Biggish movements in the markets this morning have virtually wiped out the 2nd tranche of the Obama sell off. In late action on Friday evening the FTSE futures took the market down another 120 points from the 16.30 close but the first forty minutes of action this morning have completed the rehabilitation and the senior 100 index is now unchanged on the day.

The UK’s numbers this week are expected to show the economy finally coming out of recession. Officially. Unemployment seems to have peaked, retail sales are reputedly picking up, even manufacturing seems to be more optimistic (although this is difficult to actually believe as the official numbers still show a failing sector) and the weakness of the pound is becoming less easy to depend upon. Even house prices are supposed to be on the up.

The weekend saw a huge amount of dissection of the Obama decision on bank ‘prop trading’, mainly ill informed. The fact is that banks themselves are very cautious of their prop divisions. The oversight of risk taken for its own sake is quite extreme and, aside from the odd rogue trader instance, the losses made by banks over the last few years have been nothing whatsoever to do with the trading units. The last few months have seen politicians making populist edicts against the people and companies that have done nothing to deserve such approbation. The reason banks make so much is that everyone wants what they give…money. Investment banks make huge sums because they are the only people willing to risk gargantuan amounts on funding (or sourcing funding for) speculative propositions and then charge through the nose for the facility. The fact that the last few years has seen the demise of many of the investment banks and the pulling in of horns from the banks who were looking to get into the space. This leaves the margins to be made by the few remaining units to be up in the stratosphere. Goldman is operating in a world where most of its competitors have disappeared and its clients are desperate for funding. Not surprisingly they are making vast sums. Obama’s reaction to the loss of Massachusetts (however you spell it!) risks far more than he realises. Removing liquidity from the financial exchanges will not solve any problems it will actually create quite a few as vast sums move markets far more than they might have done in the past. If this legislation goes through we may see a considerable increase in market volatility. Very good for the market makers but not much use for investors.

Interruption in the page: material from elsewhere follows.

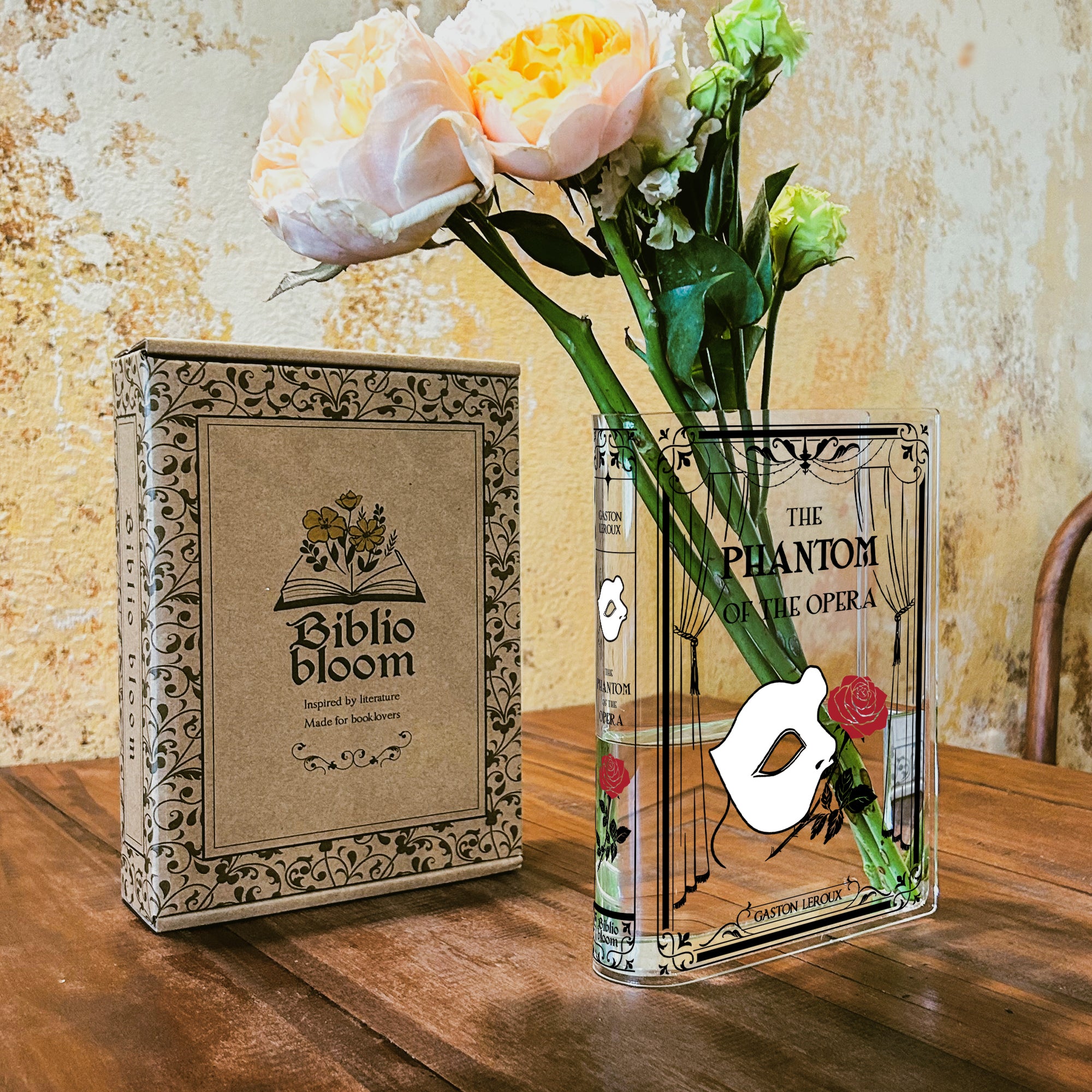 The Phantom of the Opera acrylic book vase with roses, Biblio Bloom box on wooden table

The FTSE hit the support mentioned on Friday comment at 5180/5200 and has bounced dramatically this morning. I have to admit the level was pointed out as an academic support as we were not exactly expecting such a dramatic reaction quite so soon. The support has now been confirmed and we are seeing solid buying from investors looking to get in on the unexpected weakness. Buyers have been kicking themselves for missing out on the Dec/Jan rally and many see this as an opportunity to possible have a second bite at the cherry. Time will tell if the sell off on the new Puritanism out of the USA is premature but dealers will probably need to be wary of market reactions to seemingly innocuous statements from senior administration officials for the next few months. Resistance to a move back up higher will be at 5310 and up to 5375 which we battled at fro much of November and early December.

It is easy to speculate that the selloff might be a one off but in the back of everyone’s minds is the ‘what if’ question. What if last years rally proves to be a massive trap for investors, what if the huge deficits built up across the Western world drag us all back into the mire, what if…etc. This said we have had a series of sudden falls of pretty much the same magnitude as last weeks in June/July and at the end of October all have been defeated by a swift move to new highs.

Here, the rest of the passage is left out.